Je te le conseille ! J’appelle ça du road movie de proximité. Ou « Quand la mer monte… » de Yolande Moreau. Le meilleur film sur le Nord selon moi. Et c’est pareil, c’est du road movie de proximité.

Votre film évite Paris, on ne passe dans aucune zone de la région parisienne. Il y a une raison ou c’est le hasard des calendriers de la route ?
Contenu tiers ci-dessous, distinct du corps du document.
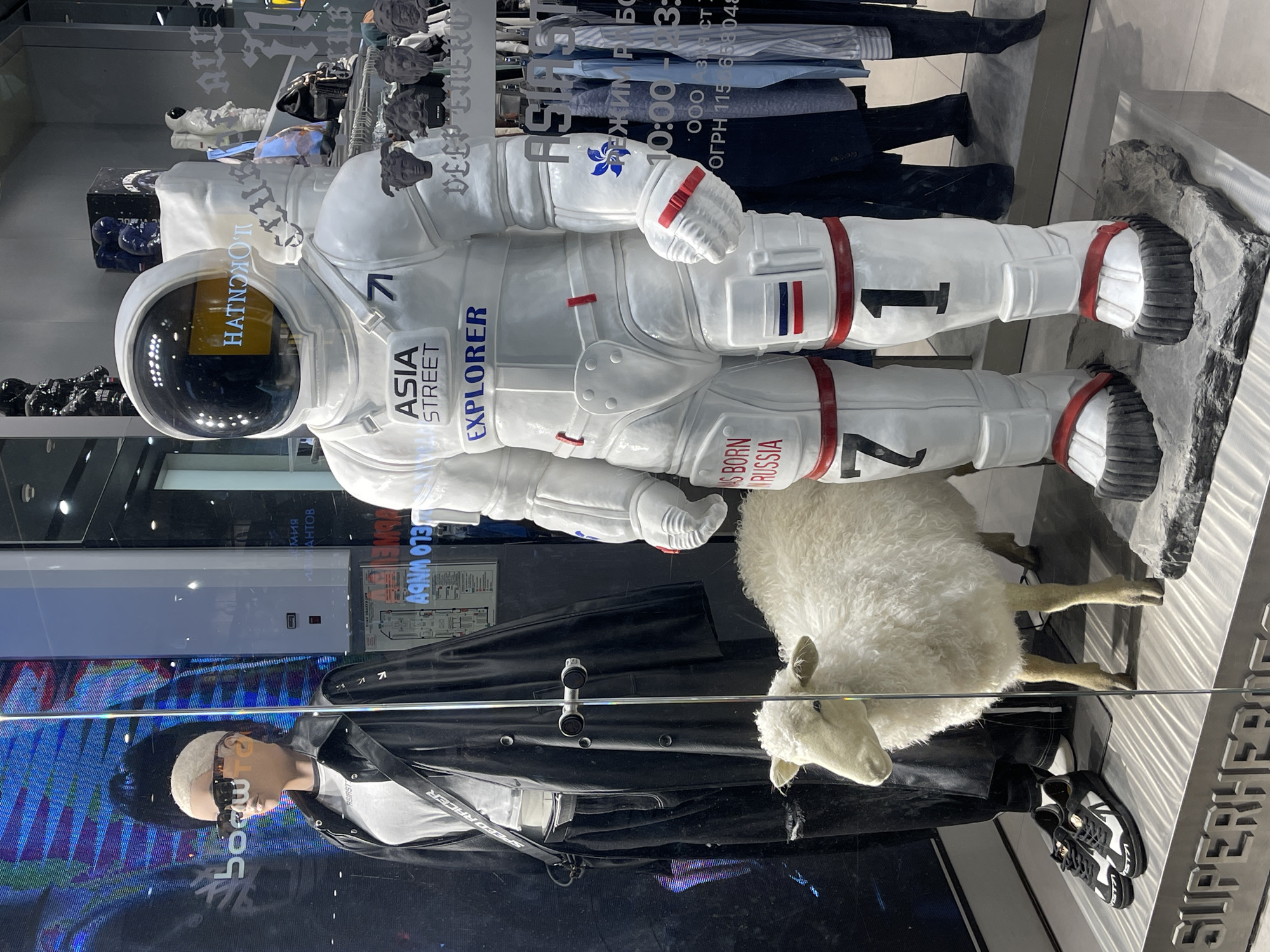 The image shows a store window display featuring an astronaut mannequin lying on its side, dressed in a white spacesuit with the words "ASIA STREET EXPLORER" and "AS BORN RUSSIA" printed on it. There are also numbers "71", "1", and "7" visible on the suit. Next to the astronaut is a taxidermied sheep. Below these figures is another mannequin dressed in street style clothing, including a black leather jacket. The display is likely located in a shopping center, possibly in Saint Petersburg, Russia, judging from the Cyrillic text and other signs in the background. The store's logo appears to be "SUPERHEROES". The scene also shows a reflection of the mall environment, including lighting and other store displays.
Déjà on a tourné du dimanche au vendredi, donc on n’a pas de samedi. Par ailleurs, même les scènes de foule qu’on a sur les ronds-points, ce ne sont pas des scènes qui marchent. Parce que tout le monde nous parle. Ca fait des images belles, mais au fond on n’arrive pas à entrer dans l’intimité d’une personne. Et je sais par expérience que les manifestations ne sont pas de bons moments de tournages. Les gens crient des slogans et tout ça, mais pour venir saisir quelque chose de l’individualité de la personne, ça ne marche pas.

Et par ailleurs surtout, le 17 novembre toute la journée je faisais la tournée des ronds-points de ma circonscription sur une Harley-Davidson parce que c’est un peu « Mad Max » (y a personne sur les routes et des barrages partout). J’allume ma radio et j’entends « heurts sur le pont de la Concorde ». Même quand il y a un mouvement de la France périphérique, avec les invisibles qui se réveillent, c’était ramené à Paris, Paris, Paris…
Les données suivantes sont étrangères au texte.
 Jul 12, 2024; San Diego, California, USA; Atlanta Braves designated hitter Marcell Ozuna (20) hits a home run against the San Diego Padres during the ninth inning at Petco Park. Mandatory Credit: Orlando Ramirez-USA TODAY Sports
Qu’est-ce que vous attendez de ce film ? Est-ce qu’il va avoir une histoire ? Maintenant que vous l’avez lancé il fait sa vie et vous la vôtre ?

Nan nan, on fait notre vie ensemble ! Il y aura une séparation à un moment mais là je le porte. Pour qu’il vive dans les salles de cinéma, mais aussi pour qu’il vive à l’extérieur. Le monter et le montrer aussi vite, c’est un choix politique. Il ne s’agit pas d’avoir un témoignage pour garder la trace de ce mouvement, comme on met une épitaphe sur une tombe. Mais d’en faire un outil d’intervention au présent. A l’automne on a écrit une belle page de notre Histoire, maintenant c’est un chapitre complet qu’on doit écrire.

  • Propos recueillis par Martin Caye, le vendredi 29 mars 2019 au cinéma Eldorado à Dijon.